**Records supplied**.
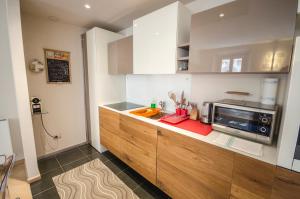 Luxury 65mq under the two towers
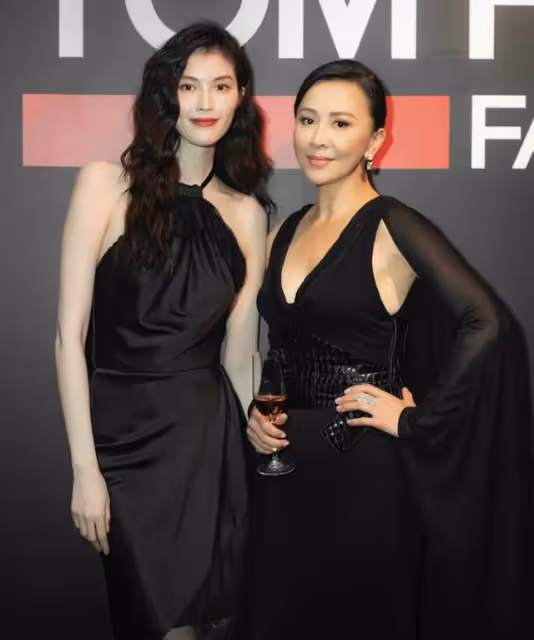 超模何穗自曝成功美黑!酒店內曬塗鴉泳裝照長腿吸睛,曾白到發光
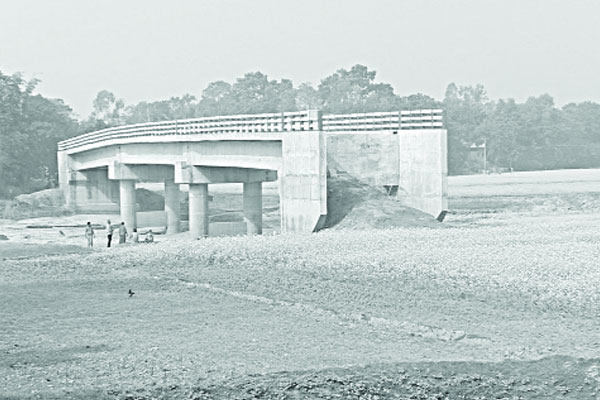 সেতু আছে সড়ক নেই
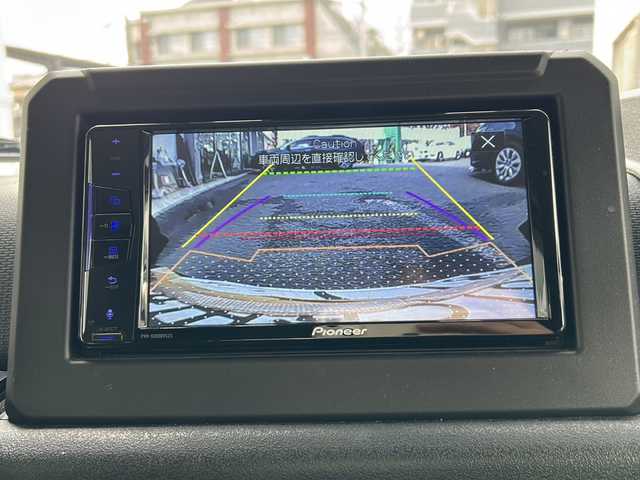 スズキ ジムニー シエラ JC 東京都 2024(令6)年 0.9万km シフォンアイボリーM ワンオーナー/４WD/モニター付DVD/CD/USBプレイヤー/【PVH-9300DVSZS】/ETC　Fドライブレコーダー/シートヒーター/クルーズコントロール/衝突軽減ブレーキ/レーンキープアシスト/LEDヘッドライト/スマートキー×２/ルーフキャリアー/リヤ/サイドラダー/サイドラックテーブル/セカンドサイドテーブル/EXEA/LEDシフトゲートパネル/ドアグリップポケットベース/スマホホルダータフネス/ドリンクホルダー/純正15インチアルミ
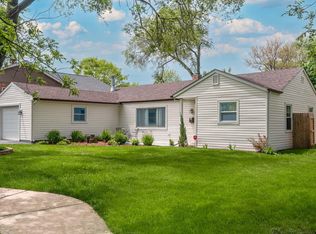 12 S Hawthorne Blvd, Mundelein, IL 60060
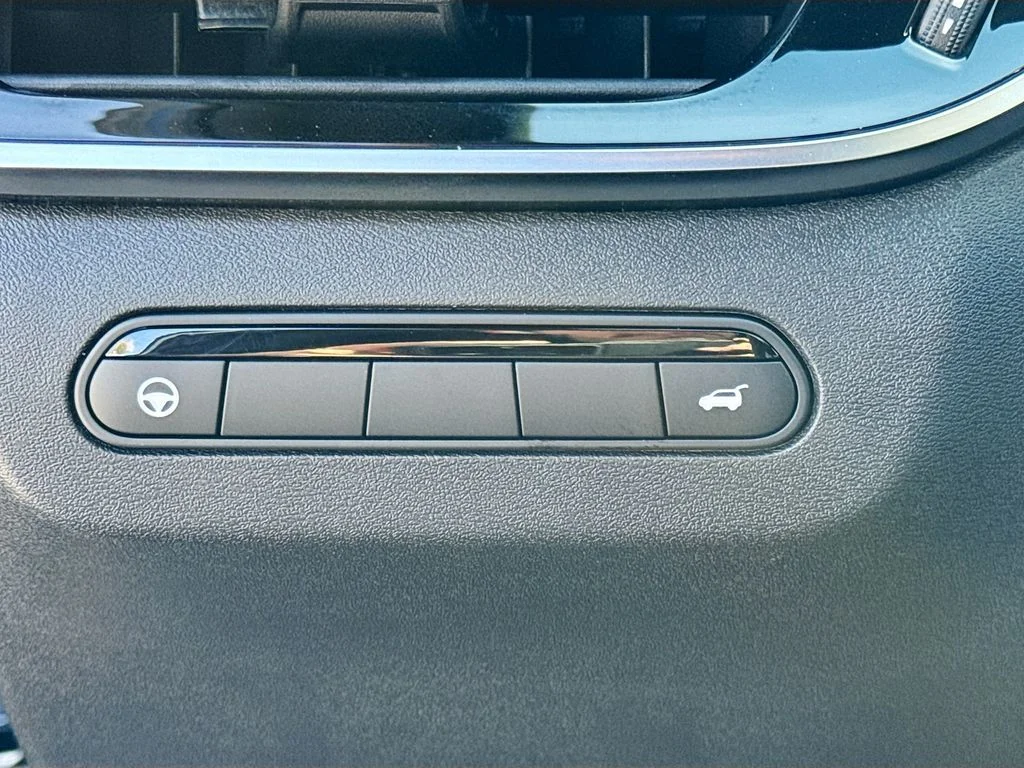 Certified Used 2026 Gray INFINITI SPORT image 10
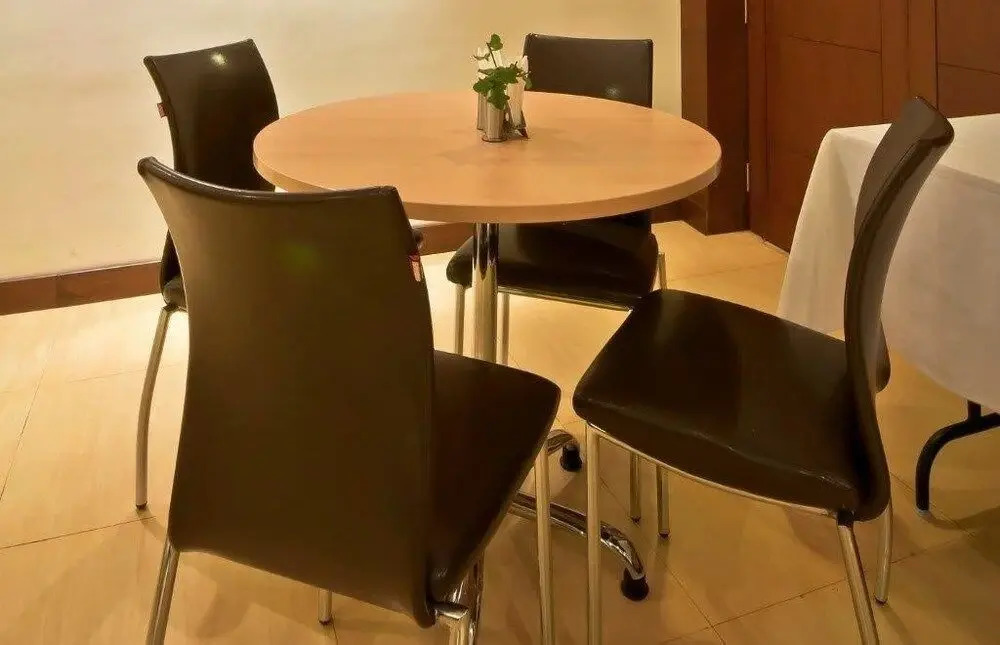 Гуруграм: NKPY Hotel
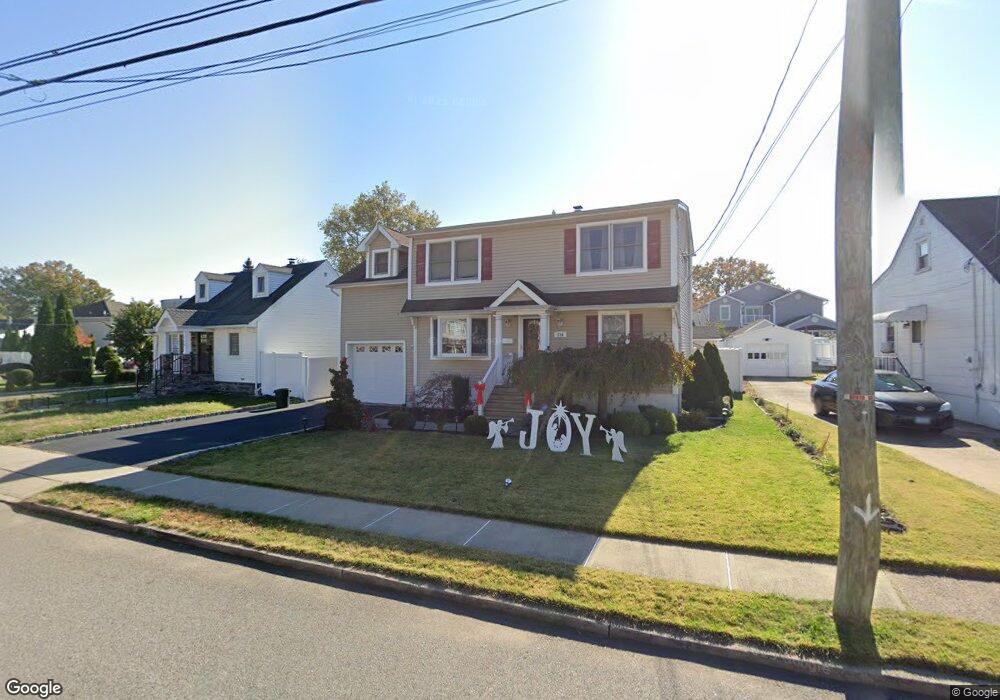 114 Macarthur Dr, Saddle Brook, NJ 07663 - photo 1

---

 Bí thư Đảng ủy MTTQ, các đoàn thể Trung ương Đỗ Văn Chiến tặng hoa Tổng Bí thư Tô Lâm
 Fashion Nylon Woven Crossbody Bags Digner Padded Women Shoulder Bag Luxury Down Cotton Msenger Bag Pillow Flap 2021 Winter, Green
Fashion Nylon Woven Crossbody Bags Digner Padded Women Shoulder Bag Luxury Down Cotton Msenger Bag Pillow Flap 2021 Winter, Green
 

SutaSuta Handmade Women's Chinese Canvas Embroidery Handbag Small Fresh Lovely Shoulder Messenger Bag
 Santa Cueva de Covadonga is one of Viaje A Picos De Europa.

==

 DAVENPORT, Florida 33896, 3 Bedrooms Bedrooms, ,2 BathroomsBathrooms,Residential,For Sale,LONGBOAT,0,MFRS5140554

**Activity**.
Scan the listing above for the line that has "Bí thư Đảng", then copy exactly from that line through the line that has "Santa Cueva de".

**Task result**.
 Bí thư Đảng ủy MTTQ, các đoàn thể Trung ương Đỗ Văn Chiến tặng hoa Tổng Bí thư Tô Lâm
 Fashion Nylon Woven Crossbody Bags Digner Padded Women Shoulder Bag Luxury Down Cotton Msenger Bag Pillow Flap 2021 Winter, Green
Fashion Nylon Woven Crossbody Bags Digner Padded Women Shoulder Bag Luxury Down Cotton Msenger Bag Pillow Flap 2021 Winter, Green
 

SutaSuta Handmade Women's Chinese Canvas Embroidery Handbag Small Fresh Lovely Shoulder Messenger Bag
 Santa Cueva de Covadonga is one of Viaje A Picos De Europa.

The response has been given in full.